▶ [Source data]:

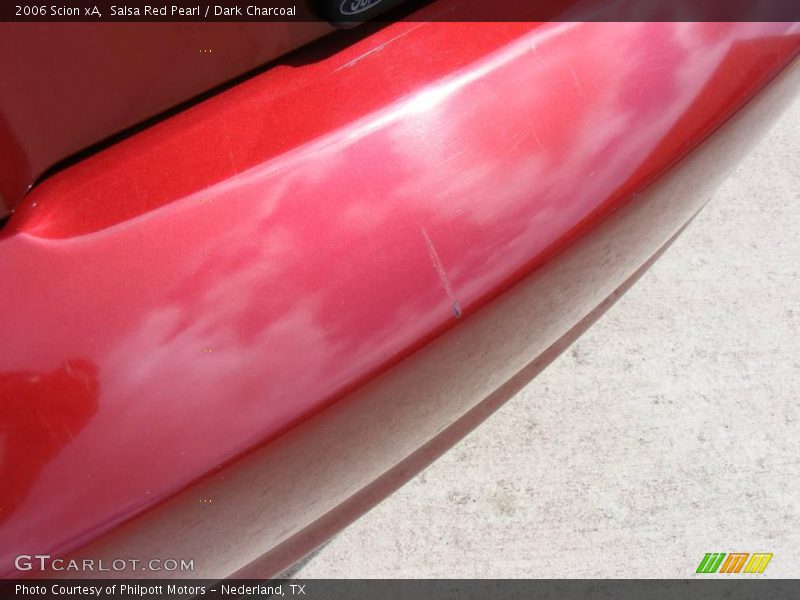 Salsa Red Pearl / Dark Charcoal 2006 Scion xA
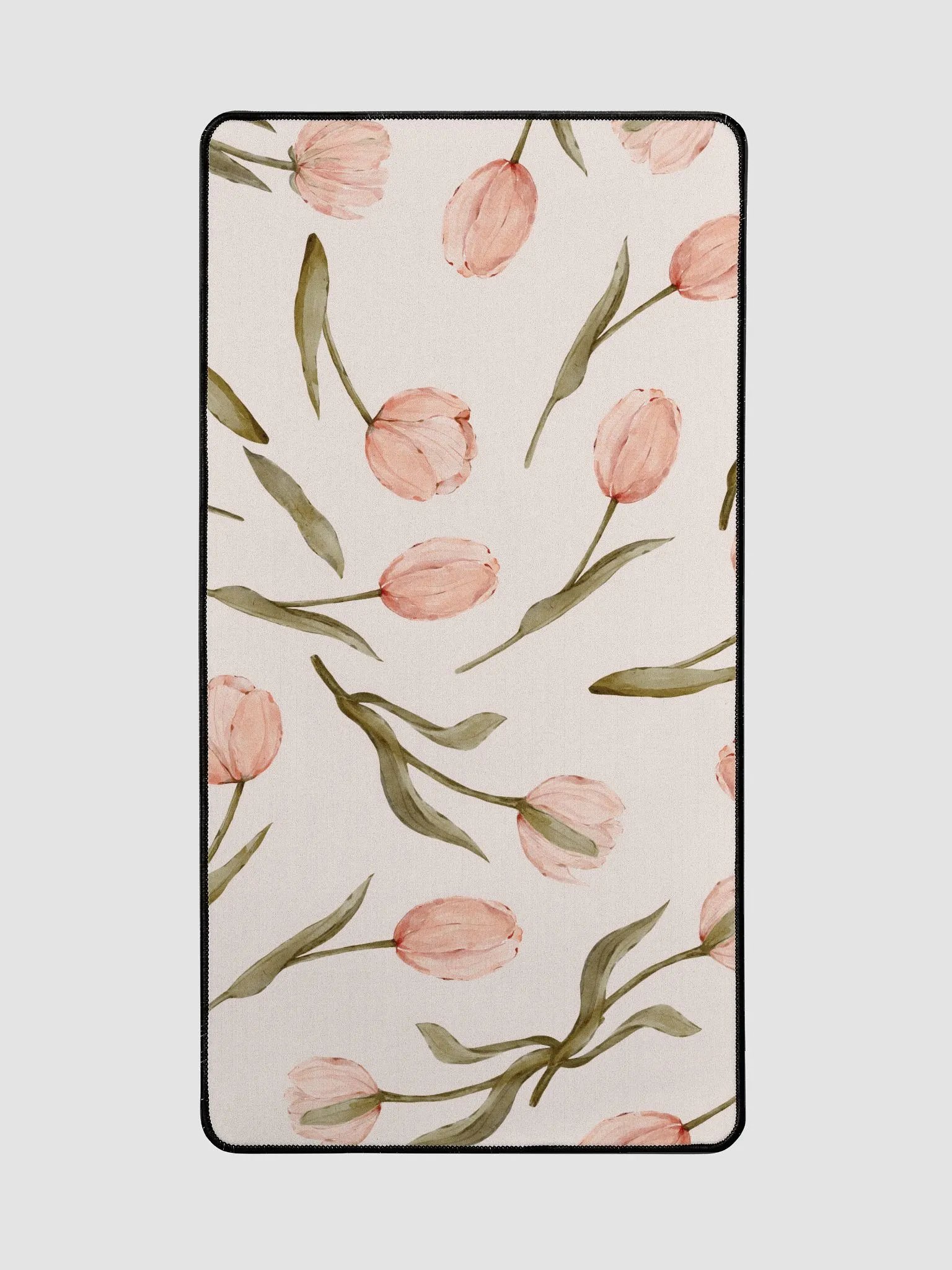 Pink Tulips desktop mat for keyboard and mouse product image (2)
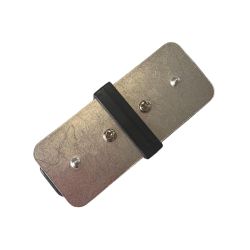 UBX-Q122 G11 BLACK 1 POLYBAG Соединитель для 2-х шинопроводов типа G. прямой внутренний. Однофазный. Черный. ТМ Volpe.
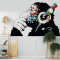 Sticker mural Singe 160x111 cm - miniature variant 3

▶ [Aim of the task]:
Starting with the line that contains "UBX-Q122 G11 BLACK" and ending with the last line of the material, every line must be written out exactly; no other lines and no pictures are wanted.

▶ [Reply to the exercise]:
 UBX-Q122 G11 BLACK 1 POLYBAG Соединитель для 2-х шинопроводов типа G. прямой внутренний. Однофазный. Черный. ТМ Volpe.
 Sticker mural Singe 160x111 cm - miniature variant 3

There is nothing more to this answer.